Transporter of yesteryear
While looking through our old newsletter, I found some interesting facts from years gone by. Remember that in 1956 the average wage was $1/hour and $4,400/year, a decent car cost @2,000, and a new house was $9,500 on average:
In the 1956 Idaho Highway News, our two-year operating budget was $9,552,425. Our operating budget today is roughly $300 million...for one year.
Maybe it was easier to fill the accountant’s job back then since they had a few less columns to add and subtract.
In 1956, our State Highway Engineer was Earle V. Miller, who was the only Highways professional on a national six-person panel dealing with Urban Transportation. How did Idaho, where the most populated county (Ada) had less than 75,000 people at the time, make the urban transportation shortlist?
We opened a grand total of 33 construction bids that year statewide – roughly 5-6 per district. Today, we open bids on about 100 projects statewide each year. In fact, there are some months, during “peak” season, when it gets close to 30. Although ITD does try to limit bid openings to six per week.
In 1920, there were 8.6 people in Idaho per motor vehicle. By 1955, that ratio was 2:1. In 2018, that ratio is basically 1:1. That's 1.6 million vehicles on Gem State roads.
I also found some social commentary - you may find that some of this still holds true today:
Definition of the month
Flirtation: attention without intention.
The biggest menaces on the road are driving under 21 going over 65, and drivers over 65 going under 21.
Voice on Phone: “How do you feel this morning?”
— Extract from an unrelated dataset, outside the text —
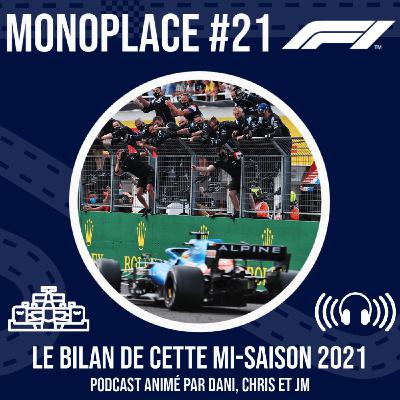Monoplace - Episode 21 - Le bilan de cette mi-saison 2021.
Voice on Other End: “Just fine.”
First Voice: “I must have the wrong number.”
“Gee, old man, I’m sorry your wife eloped with the chauffer.”
“So what?” said the old man, “I can learn to drive.”
On the first day of school, the teacher explained that if anyone had to go to the bathroom, they should hold up two fingers.
Confused, a little boy asked “Why? How will that help?”
The average number of times a man says “no” to temptation is once weakly.